One of the advantages of the Bayesian approach compared to the classical approach is the estimates in the part I. Where, the maximum likelihood estimator of a probability of non-zero value, when zero response is observed, does not perform well on the boundary of the parameter space [37]. For a simple BP model, the Maximum Likelihood estimation is available using GAMLSS. However, the MLE results in our data did not reach convergence for some parameters by adding random effects. In this research, using Bayesian statistics with Gibbs and Metropolis-Hasting sampling, this problem is avoided. In the future, it would be interesting to continue the study of various different MCMC methods and hopefully apply them to health cost data.

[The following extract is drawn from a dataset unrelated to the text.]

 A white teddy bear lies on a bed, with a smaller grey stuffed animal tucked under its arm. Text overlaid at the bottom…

Simulation studies reveal good consistency properties of the Bayesian estimates as well as high performance of the model selection techniques to pick the appropriately fitted model. We also apply our model to a dataset from yearly pharmaceutical expenditure data conducted in 429 cities in Iran (PE-2018) to illustrate how the procedures can be used to evaluate model assumptions and obtain unbiased parameter estimates. Although our modelling is primarily motivated from the PE-2018, it can be easily applied to other datasets and distributions, because the models considered in this article have been fitted using standard available software packages, like R and OpenBUGS (code available in Additional file 1: Appendix A). This makes our approach easily accessible to practitioners of many fields of research.

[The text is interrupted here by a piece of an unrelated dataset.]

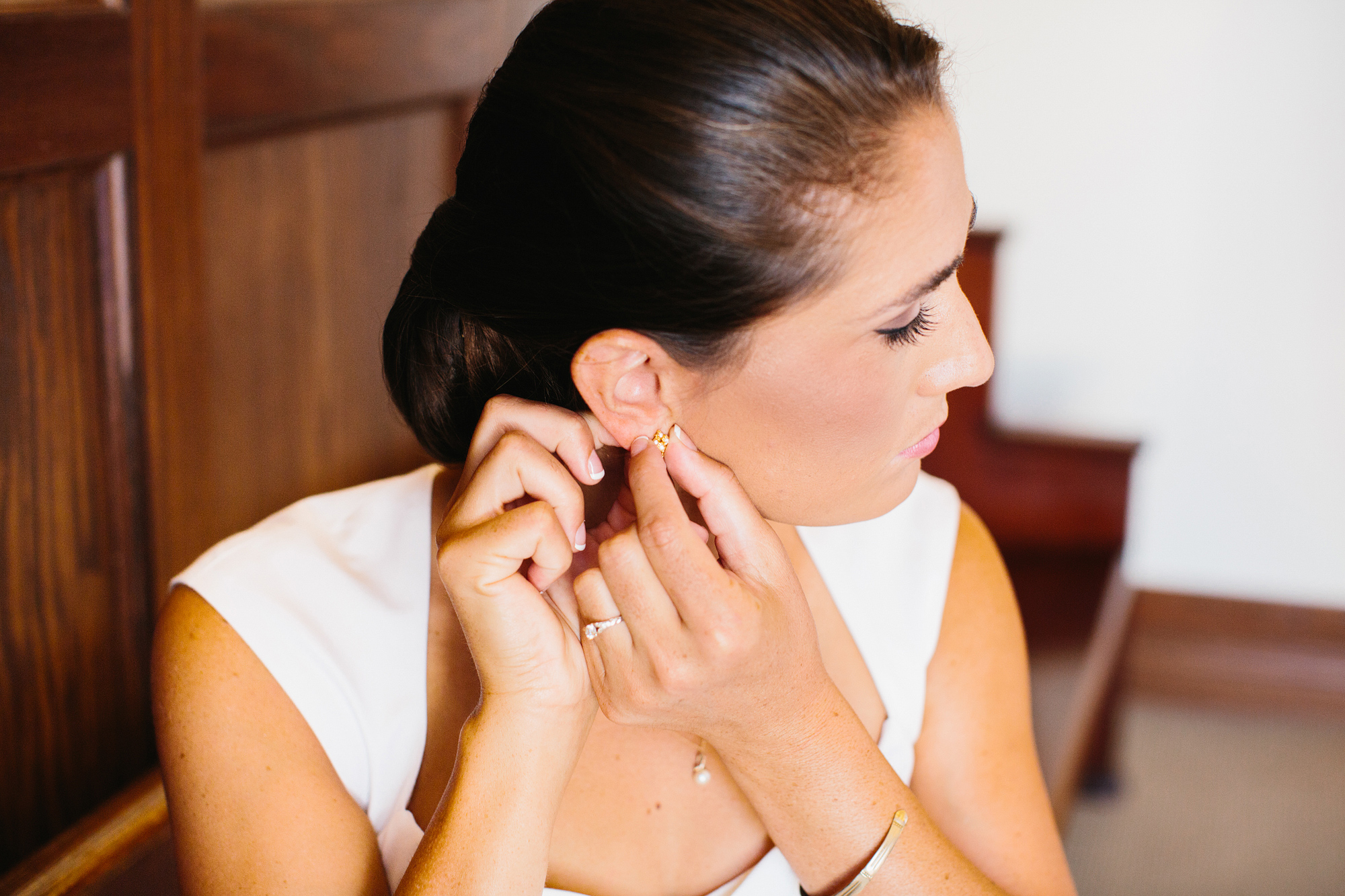 The bride putting on her earrings.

Although the zero-augmented positive model considered here has shown great flexibility to deal with zero-augmented clustered data, its robustness can be seriously affected by the presence of heavy tails in the random effects, obscuring important features among individual variation. Liu et al. [13] and Bandyopadhyay et al. [55] proposed a remedy to accommodate skewness in the random effect simultaneously, using skew-normal/independent distributions. We suppose that our method can be used under the zero-augmented positive model and should yield satisfactory results at the expense of additional complexity in implementation. Another useful extension of the proposed model involves the possibility of heteroscedasticity of ψ by allowing the dependence of g(ψ) on covariates, with g(.) being an appropriate link function, as proposed in [56]. An in-depth investigation of such extensions is beyond the scope of the present research article, but it is an interesting topic for further research.